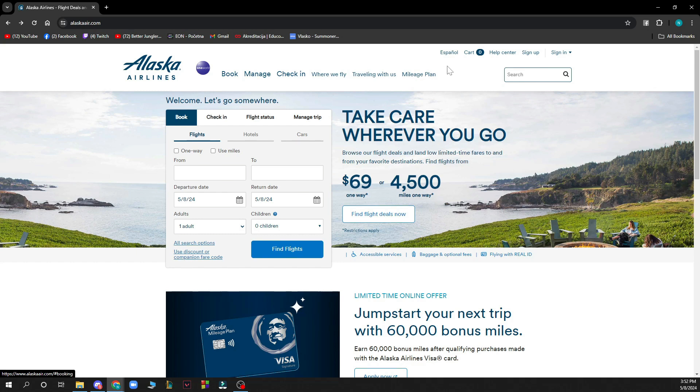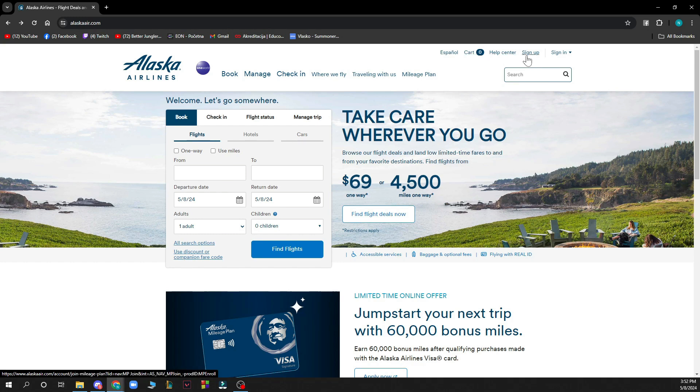Also in the top right corner, you can search manually, change language, see the card where you can see all your cards, click on the help center, the sign up and sign in option, and of course there will be the logout option when you create your account.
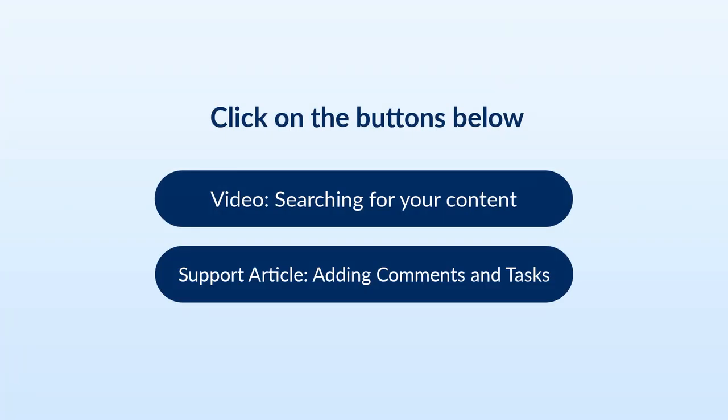In the next video, we'll cover searching for your content in Box, or click on the Support link to learn more about comments and tasks.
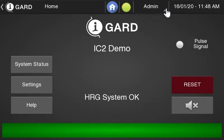Hi everyone, in this video I'm going to teach you how to set the time and date on your iGuard command center.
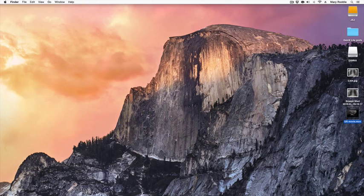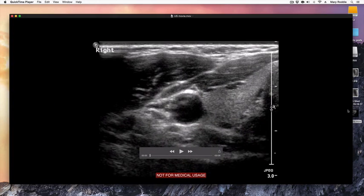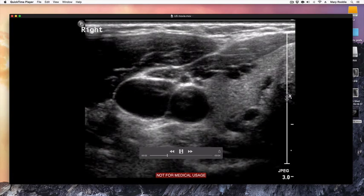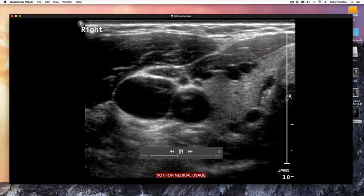My movie is now on the desktop, ready to be imported into another medium, but you can see that it does have the 'Not For Medical Usage' logo burned onto the file.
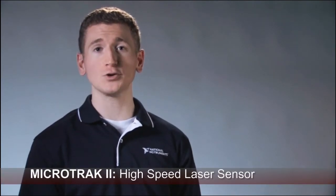Hey there, I'm Sam and I'm an engineer here at National Instruments. I'd like to show you how you can easily acquire data from a MicroTrack 2 laser displacement sensor using NI LabVIEW and data acquisition hardware.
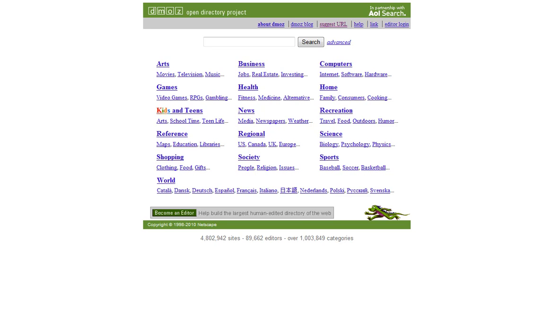Hello, Tony here and got a great video for you. This website that we're looking at here, DMOZ, the actual address is www.dmoz.org, it's also known as the Open Directory Project. This is a very important website.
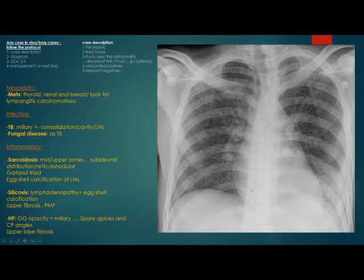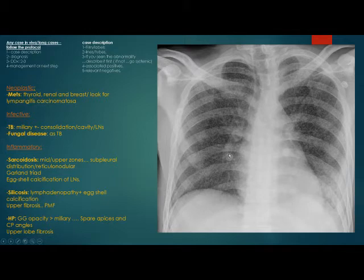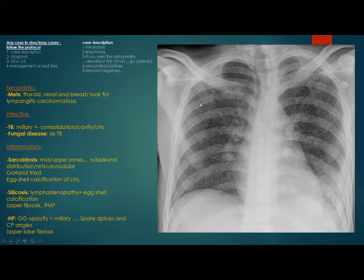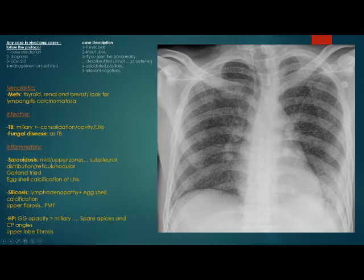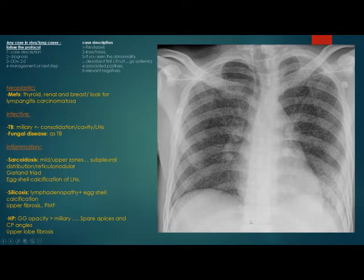The third point: look carefully for any relevant secondary findings. Take your time and tell the examiner what you are thinking about. In a miliary pattern, look for the breast shadow and any mastectomy, and axillary clips indicating primary or metastatic disease. Look in the neck area for calcification or soft tissue thickening indicating a thyroid mass. Look carefully in the paraspinal region for thickening due to Pott's disease, which would indicate TB. Finally, look under the diaphragm for any abdominal pathology.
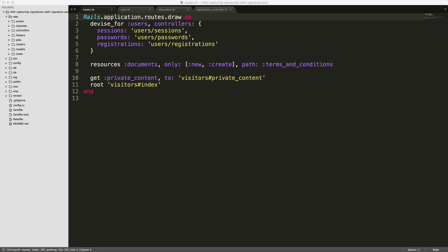So let's first see how we have our application set up. We are using Devise on the users model. And do note that I have manually set the controllers for each one of these. Then we also have a resource for documents, which we only have the new and create action. And we're overriding the URL path to terms and conditions. And then within our visitors controller, we have a private content and an index action.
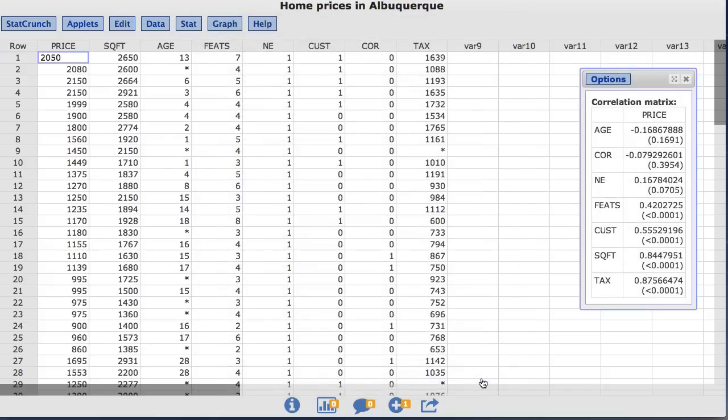Now the correlation matrix has the variables across the rows sorted in ascending order from the lowest correlation price and age to the highest correlation price with tax.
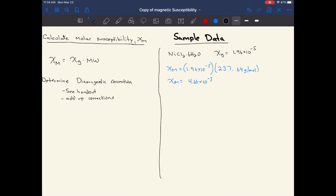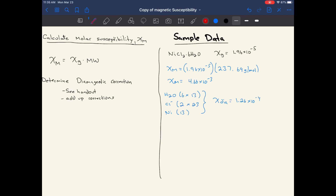Adding up the corrections: six water molecules × 13, plus two chloride ions × 23, plus the nickel central atom contribution of 13. Multiplying the total by 10⁻⁶ gives a diamagnetic correction of 1.26×10⁻⁴. This should be a very small value compared to the molar susceptibility — if it's not, there's a problem in the calculation.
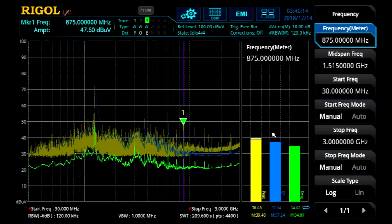In this video we're going to configure the EMI meter. This function is great for interactive debugging of frequencies of interest between EMI scans. The meter is shown in this area to the right of the main scan display.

══════════

Without carrying over any pictures, retype the records above exactly.

Also in the top right corner, you can search manually, change language, see the card where you can see all your cards, click on the help center, the sign up and sign in option, and of course there will be the logout option when you create your account.
In the next video, we'll cover searching for your content in Box, or click on the Support link to learn more about comments and tasks.
Hi everyone, in this video I'm going to teach you how to set the time and date on your iGuard command center.
My movie is now on the desktop, ready to be imported into another medium, but you can see that it does have the 'Not For Medical Usage' logo burned onto the file.
Hey there, I'm Sam and I'm an engineer here at National Instruments. I'd like to show you how you can easily acquire data from a MicroTrack 2 laser displacement sensor using NI LabVIEW and data acquisition hardware.
Hello, Tony here and got a great video for you. This website that we're looking at here, DMOZ, the actual address is www.dmoz.org, it's also known as the Open Directory Project. This is a very important website.
The third point: look carefully for any relevant secondary findings. Take your time and tell the examiner what you are thinking about. In a miliary pattern, look for the breast shadow and any mastectomy, and axillary clips indicating primary or metastatic disease. Look in the neck area for calcification or soft tissue thickening indicating a thyroid mass. Look carefully in the paraspinal region for thickening due to Pott's disease, which would indicate TB. Finally, look under the diaphragm for any abdominal pathology.
So let's first see how we have our application set up. We are using Devise on the users model. And do note that I have manually set the controllers for each one of these. Then we also have a resource for documents, which we only have the new and create action. And we're overriding the URL path to terms and conditions. And then within our visitors controller, we have a private content and an index action.
Now the correlation matrix has the variables across the rows sorted in ascending order from the lowest correlation price and age to the highest correlation price with tax.
Adding up the corrections: six water molecules × 13, plus two chloride ions × 23, plus the nickel central atom contribution of 13. Multiplying the total by 10⁻⁶ gives a diamagnetic correction of 1.26×10⁻⁴. This should be a very small value compared to the molar susceptibility — if it's not, there's a problem in the calculation.
In this video we're going to configure the EMI meter. This function is great for interactive debugging of frequencies of interest between EMI scans. The meter is shown in this area to the right of the main scan display.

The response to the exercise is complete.